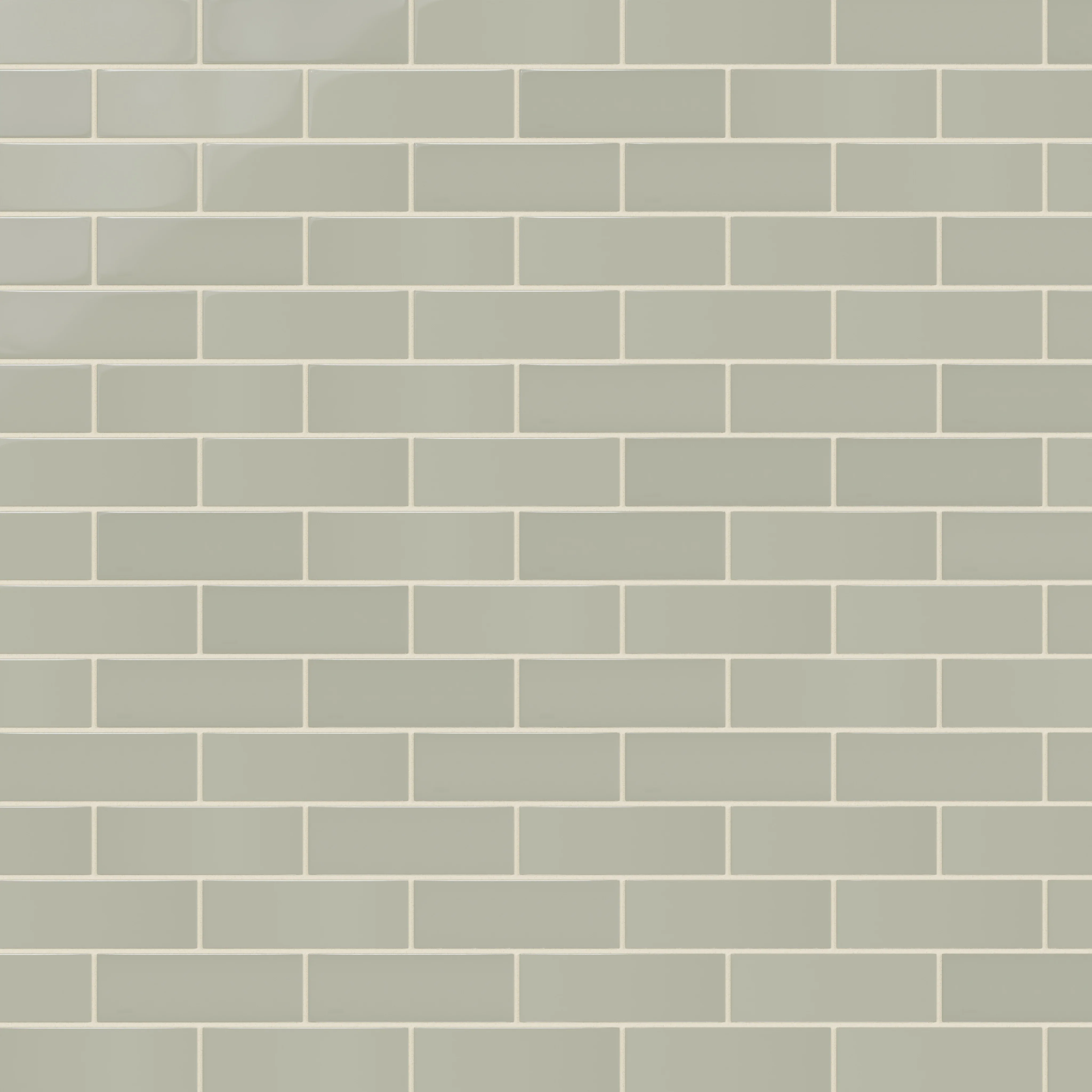 2x6 Natural Press Ceramic Tile in Manzanita Gloss - Rockland Interiors Inc.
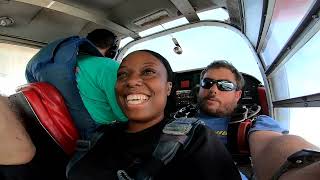 Deyonne  Skydive Amelia Island [upl. by Akenehs913]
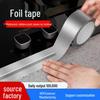 High-Temperature Resistant Aluminum Foil Tape - Oil-Proof, Anti-Mildew, Heat Insulation for Kitchen and Stove.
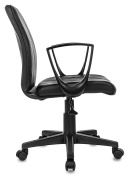 фото Кресло Бюрократ CH-327/BLACK-PU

***

Output the data above without changes, apart from leaving out the pictures.

## [ANSWER TO THIS PROBLEM]
 2x6 Natural Press Ceramic Tile in Manzanita Gloss - Rockland Interiors Inc.
 Deyonne  Skydive Amelia Island [upl. by Akenehs913]
 High-Temperature Resistant Aluminum Foil Tape - Oil-Proof, Anti-Mildew, Heat Insulation for Kitchen and Stove.
 фото Кресло Бюрократ CH-327/BLACK-PU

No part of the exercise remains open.